Steamcracking

Steamcracking

Steamcracken bzw. Dampfspaltung ist ein Verfahren der Petrochemie, bei dem durch thermisches Cracken längerkettige Kohlenwasserstoffe (Naphtha, aber auch Propan, Butan und Ethan, sowie Gasöl und Hydrowax) in Gegenwart von Wasserdampf in kurzkettige Kohlenwasserstoffe umgewandelt werden. Es entstehen vor allem Wasserstoff, Methan, Ethen und Propen als Hauptprodukt, Butene, Pyrolysebenzin (engl.
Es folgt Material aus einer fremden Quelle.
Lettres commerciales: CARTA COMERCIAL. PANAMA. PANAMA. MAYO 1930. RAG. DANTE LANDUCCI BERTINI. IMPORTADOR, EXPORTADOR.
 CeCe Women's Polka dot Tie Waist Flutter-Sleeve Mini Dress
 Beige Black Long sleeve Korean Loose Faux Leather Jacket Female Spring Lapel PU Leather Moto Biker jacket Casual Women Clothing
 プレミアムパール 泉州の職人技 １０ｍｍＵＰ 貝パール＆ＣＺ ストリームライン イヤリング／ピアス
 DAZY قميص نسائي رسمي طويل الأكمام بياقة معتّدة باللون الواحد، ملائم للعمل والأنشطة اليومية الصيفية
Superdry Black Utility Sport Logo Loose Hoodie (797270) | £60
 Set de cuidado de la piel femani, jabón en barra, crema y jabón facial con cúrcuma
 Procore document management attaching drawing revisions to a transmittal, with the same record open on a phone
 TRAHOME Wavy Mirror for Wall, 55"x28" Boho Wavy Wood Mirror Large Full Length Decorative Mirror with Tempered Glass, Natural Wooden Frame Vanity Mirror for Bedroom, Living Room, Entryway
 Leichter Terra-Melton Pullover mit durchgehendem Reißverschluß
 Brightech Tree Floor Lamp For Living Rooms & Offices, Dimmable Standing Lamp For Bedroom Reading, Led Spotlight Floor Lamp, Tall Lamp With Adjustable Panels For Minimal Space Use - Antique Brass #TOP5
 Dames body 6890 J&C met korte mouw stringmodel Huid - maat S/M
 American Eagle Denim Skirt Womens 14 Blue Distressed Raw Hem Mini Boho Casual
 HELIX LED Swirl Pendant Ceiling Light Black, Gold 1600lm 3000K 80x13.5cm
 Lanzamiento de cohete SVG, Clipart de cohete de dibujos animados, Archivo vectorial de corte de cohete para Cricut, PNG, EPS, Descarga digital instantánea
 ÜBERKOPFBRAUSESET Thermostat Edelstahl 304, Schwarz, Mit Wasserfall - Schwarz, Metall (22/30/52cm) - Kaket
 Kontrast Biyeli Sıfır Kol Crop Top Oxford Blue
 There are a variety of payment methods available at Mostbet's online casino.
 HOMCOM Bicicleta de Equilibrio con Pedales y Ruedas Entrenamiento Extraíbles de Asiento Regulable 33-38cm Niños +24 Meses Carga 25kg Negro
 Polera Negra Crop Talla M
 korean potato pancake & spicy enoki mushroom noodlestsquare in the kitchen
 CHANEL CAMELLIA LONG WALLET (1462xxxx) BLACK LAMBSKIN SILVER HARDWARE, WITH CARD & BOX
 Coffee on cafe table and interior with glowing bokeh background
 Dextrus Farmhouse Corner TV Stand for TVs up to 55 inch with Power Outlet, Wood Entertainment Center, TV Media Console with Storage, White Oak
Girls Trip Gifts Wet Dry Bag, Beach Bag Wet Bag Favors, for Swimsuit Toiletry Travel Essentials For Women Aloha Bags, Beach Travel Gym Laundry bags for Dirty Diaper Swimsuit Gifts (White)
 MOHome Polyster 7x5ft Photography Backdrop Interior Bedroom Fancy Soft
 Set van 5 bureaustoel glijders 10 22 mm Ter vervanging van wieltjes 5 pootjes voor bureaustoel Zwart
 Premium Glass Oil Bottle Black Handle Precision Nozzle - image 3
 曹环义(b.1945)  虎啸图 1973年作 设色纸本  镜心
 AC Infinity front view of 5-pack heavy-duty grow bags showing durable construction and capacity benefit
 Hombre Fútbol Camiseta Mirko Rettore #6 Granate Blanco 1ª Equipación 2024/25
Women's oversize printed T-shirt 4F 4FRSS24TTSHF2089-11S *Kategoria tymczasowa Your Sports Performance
Pygas) sowie ein teerähnlicher Rückstand (ECR: Ethylen-Cracker-Rückstand, engl.:ethylene cracker residue). Ein Steamcracker zählt zu den kompliziertesten Anlagen der Petrochemie. Der Steamcracker dient der Herstellung von Rohstoffen, die hauptsächlich zu Kunststoffen, Lacken, Lösemitteln oder Pflanzenschutzmitteln verarbeitet werden.

Inhaltsverzeichnis

Ablauf

Als Edukt dient normalerweise das in der Raffinerie anfallende Naphtha (bzw Naphthafraktionen). Der eigentliche Cracker ist ein Rohrreaktor mit einer Rohrschlange von etwa 90mm-120mm Innendurchmesser und 60-80m Länge. Das Rohr besteht aus einer Chrom/Nickel-Legierung und befindet sich in einem Ofen, der durch Flammen beheizt wird.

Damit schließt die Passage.